Top of Records for processing

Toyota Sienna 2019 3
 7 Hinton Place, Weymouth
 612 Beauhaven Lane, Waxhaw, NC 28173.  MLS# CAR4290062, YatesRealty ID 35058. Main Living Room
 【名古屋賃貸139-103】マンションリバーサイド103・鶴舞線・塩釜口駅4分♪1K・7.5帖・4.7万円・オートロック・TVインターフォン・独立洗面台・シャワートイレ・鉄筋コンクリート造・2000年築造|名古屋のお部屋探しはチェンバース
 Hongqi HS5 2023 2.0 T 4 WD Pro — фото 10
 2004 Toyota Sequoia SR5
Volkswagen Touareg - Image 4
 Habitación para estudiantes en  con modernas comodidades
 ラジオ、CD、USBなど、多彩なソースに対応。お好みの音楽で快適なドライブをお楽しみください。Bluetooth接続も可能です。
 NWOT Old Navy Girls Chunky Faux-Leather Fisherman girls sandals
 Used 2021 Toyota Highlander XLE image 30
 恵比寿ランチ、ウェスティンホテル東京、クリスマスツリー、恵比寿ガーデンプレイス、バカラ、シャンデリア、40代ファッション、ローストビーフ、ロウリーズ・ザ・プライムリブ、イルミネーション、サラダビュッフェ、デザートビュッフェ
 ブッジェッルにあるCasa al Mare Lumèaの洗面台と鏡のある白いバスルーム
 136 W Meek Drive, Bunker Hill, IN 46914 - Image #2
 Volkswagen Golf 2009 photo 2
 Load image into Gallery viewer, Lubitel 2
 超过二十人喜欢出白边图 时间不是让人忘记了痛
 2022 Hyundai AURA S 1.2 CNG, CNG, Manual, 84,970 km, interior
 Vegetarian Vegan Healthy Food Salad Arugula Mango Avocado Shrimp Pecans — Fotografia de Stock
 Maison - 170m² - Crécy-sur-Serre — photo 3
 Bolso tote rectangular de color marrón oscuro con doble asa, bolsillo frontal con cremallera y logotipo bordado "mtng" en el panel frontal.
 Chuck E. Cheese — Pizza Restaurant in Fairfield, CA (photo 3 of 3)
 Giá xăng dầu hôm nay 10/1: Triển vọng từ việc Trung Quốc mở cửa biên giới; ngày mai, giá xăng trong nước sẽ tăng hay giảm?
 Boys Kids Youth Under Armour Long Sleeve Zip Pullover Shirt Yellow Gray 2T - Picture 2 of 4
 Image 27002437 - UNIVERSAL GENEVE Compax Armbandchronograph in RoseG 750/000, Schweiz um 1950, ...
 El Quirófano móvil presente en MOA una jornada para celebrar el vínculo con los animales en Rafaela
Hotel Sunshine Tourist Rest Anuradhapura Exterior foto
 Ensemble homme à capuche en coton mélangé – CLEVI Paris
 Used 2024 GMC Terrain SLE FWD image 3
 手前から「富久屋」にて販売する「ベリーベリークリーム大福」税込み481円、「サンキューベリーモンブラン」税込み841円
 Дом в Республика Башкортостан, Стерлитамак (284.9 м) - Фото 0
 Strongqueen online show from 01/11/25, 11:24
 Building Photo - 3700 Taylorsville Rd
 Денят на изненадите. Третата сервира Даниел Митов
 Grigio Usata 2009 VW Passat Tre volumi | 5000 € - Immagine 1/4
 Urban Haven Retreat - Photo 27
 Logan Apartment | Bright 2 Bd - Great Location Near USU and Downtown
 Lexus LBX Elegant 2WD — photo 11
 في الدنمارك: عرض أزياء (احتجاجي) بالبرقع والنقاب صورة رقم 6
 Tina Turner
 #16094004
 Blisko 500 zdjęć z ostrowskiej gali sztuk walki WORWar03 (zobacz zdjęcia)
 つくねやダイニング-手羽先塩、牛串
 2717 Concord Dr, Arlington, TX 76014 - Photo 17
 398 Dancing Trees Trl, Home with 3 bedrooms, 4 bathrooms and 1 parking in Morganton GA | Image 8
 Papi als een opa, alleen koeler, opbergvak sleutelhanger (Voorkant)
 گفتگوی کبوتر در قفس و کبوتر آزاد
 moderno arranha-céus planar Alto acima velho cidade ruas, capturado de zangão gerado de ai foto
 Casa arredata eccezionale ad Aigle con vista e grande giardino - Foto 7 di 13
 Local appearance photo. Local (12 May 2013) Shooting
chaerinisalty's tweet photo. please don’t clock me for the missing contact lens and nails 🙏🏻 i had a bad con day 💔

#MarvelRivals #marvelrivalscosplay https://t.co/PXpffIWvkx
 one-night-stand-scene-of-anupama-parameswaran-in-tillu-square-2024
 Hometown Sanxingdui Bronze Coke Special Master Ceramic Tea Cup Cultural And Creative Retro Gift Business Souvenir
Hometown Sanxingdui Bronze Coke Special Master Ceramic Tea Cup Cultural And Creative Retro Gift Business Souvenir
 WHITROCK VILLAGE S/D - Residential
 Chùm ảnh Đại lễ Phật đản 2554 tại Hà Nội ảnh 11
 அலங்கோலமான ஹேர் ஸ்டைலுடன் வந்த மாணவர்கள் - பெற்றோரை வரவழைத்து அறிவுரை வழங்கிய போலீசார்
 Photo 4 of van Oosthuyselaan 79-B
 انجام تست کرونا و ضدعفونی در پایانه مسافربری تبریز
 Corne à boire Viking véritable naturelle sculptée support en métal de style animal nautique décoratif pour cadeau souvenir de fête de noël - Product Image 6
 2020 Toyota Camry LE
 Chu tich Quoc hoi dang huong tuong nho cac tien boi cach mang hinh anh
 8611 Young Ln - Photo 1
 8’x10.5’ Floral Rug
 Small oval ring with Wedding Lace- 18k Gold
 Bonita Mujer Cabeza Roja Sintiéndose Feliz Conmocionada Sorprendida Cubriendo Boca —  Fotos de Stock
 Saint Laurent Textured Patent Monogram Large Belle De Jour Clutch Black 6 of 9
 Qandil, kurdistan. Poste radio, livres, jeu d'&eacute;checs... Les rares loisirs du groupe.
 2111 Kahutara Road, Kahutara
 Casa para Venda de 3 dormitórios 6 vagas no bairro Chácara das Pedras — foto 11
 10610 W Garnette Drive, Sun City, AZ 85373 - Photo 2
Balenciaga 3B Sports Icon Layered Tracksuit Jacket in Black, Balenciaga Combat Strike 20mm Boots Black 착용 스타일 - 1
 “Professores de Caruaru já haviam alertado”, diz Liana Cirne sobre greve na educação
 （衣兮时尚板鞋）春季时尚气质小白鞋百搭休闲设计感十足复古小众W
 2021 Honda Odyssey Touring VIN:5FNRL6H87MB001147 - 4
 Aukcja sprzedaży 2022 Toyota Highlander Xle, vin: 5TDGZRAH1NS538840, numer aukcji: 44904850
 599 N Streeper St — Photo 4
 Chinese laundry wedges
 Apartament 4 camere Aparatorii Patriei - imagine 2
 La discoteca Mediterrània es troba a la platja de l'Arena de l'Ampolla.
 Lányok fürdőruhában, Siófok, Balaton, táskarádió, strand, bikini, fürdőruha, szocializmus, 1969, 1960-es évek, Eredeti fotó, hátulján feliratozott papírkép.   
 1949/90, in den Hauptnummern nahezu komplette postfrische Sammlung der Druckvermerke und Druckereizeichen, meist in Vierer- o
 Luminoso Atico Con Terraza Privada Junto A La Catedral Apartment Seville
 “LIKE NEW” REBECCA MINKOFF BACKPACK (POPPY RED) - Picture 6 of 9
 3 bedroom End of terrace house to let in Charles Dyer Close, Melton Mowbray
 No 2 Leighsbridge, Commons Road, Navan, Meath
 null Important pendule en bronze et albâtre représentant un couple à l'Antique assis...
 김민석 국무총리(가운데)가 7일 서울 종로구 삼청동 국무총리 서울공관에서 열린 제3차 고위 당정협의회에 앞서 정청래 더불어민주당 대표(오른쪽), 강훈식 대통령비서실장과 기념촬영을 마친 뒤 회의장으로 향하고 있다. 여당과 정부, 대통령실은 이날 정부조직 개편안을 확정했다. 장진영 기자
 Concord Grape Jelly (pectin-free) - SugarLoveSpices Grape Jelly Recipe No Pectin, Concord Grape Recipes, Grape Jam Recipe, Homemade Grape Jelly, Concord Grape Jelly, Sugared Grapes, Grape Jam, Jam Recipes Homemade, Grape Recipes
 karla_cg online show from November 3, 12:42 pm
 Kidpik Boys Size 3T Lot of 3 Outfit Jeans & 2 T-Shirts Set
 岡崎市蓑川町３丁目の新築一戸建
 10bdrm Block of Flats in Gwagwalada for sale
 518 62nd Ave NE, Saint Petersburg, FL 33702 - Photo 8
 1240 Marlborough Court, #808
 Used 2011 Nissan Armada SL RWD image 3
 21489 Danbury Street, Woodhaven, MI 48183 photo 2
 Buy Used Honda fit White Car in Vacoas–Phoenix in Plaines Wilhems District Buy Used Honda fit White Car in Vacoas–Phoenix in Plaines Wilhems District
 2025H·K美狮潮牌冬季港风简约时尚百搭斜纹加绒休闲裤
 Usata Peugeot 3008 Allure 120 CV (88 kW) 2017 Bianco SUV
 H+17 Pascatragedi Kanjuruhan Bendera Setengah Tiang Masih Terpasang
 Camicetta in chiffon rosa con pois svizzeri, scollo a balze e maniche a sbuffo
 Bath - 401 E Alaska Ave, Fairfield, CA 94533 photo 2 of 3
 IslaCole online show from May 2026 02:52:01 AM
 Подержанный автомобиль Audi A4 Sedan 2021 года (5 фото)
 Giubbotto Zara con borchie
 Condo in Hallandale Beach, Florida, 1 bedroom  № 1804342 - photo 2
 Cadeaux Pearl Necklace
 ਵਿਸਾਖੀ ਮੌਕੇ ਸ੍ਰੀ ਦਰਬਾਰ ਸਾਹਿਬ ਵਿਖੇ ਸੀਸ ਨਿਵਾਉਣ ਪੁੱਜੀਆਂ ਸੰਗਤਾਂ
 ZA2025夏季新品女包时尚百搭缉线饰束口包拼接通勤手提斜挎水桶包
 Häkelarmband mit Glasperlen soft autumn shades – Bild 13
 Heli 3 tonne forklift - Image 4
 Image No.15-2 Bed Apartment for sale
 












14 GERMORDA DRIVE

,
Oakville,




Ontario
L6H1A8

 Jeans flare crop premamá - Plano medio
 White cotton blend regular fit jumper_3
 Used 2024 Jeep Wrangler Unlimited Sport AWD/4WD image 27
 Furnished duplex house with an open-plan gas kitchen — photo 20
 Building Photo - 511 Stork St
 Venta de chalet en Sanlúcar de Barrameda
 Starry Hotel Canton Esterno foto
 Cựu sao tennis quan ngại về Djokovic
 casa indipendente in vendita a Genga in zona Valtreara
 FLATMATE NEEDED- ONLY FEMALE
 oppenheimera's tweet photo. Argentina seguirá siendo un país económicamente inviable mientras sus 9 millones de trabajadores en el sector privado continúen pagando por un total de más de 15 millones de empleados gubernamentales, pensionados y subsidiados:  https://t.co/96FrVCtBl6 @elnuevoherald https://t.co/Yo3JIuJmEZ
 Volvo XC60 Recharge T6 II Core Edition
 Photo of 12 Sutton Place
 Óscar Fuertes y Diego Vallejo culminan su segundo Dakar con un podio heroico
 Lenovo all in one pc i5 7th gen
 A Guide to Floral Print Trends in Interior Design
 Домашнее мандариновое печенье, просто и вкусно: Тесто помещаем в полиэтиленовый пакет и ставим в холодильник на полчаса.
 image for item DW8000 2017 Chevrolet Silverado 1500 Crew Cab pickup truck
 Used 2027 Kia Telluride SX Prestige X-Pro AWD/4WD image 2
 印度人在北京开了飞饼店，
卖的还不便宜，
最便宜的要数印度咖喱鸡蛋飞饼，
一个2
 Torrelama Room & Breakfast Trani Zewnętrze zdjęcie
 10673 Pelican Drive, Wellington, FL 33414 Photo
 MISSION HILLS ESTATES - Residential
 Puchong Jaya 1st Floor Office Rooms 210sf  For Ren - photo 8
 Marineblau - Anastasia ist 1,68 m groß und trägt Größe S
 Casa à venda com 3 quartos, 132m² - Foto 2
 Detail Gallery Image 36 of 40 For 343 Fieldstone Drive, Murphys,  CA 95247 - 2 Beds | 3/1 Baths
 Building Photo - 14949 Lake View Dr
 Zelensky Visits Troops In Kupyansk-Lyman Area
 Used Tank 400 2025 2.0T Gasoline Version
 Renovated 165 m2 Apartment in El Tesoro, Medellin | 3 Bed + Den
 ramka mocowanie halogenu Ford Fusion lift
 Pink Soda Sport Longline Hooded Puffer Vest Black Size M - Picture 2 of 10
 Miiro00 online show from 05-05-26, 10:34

Bottom of Records for processing

Could you restate word for word the lines above from the one containing "Tina Turner" through the one containing "Bonita Mujer Cabeza", both included, and nothing else?

Problem solution:
 Tina Turner
 #16094004
 Blisko 500 zdjęć z ostrowskiej gali sztuk walki WORWar03 (zobacz zdjęcia)
 つくねやダイニング-手羽先塩、牛串
 2717 Concord Dr, Arlington, TX 76014 - Photo 17
 398 Dancing Trees Trl, Home with 3 bedrooms, 4 bathrooms and 1 parking in Morganton GA | Image 8
 Papi als een opa, alleen koeler, opbergvak sleutelhanger (Voorkant)
 گفتگوی کبوتر در قفس و کبوتر آزاد
 moderno arranha-céus planar Alto acima velho cidade ruas, capturado de zangão gerado de ai foto
 Casa arredata eccezionale ad Aigle con vista e grande giardino - Foto 7 di 13
 Local appearance photo. Local (12 May 2013) Shooting
chaerinisalty's tweet photo. please don’t clock me for the missing contact lens and nails 🙏🏻 i had a bad con day 💔

#MarvelRivals #marvelrivalscosplay https://t.co/PXpffIWvkx
 one-night-stand-scene-of-anupama-parameswaran-in-tillu-square-2024
 Hometown Sanxingdui Bronze Coke Special Master Ceramic Tea Cup Cultural And Creative Retro Gift Business Souvenir
Hometown Sanxingdui Bronze Coke Special Master Ceramic Tea Cup Cultural And Creative Retro Gift Business Souvenir
 WHITROCK VILLAGE S/D - Residential
 Chùm ảnh Đại lễ Phật đản 2554 tại Hà Nội ảnh 11
 அலங்கோலமான ஹேர் ஸ்டைலுடன் வந்த மாணவர்கள் - பெற்றோரை வரவழைத்து அறிவுரை வழங்கிய போலீசார்
 Photo 4 of van Oosthuyselaan 79-B
 انجام تست کرونا و ضدعفونی در پایانه مسافربری تبریز
 Corne à boire Viking véritable naturelle sculptée support en métal de style animal nautique décoratif pour cadeau souvenir de fête de noël - Product Image 6
 2020 Toyota Camry LE
 Chu tich Quoc hoi dang huong tuong nho cac tien boi cach mang hinh anh
 8611 Young Ln - Photo 1
 8’x10.5’ Floral Rug
 Small oval ring with Wedding Lace- 18k Gold
 Bonita Mujer Cabeza Roja Sintiéndose Feliz Conmocionada Sorprendida Cubriendo Boca —  Fotos de Stock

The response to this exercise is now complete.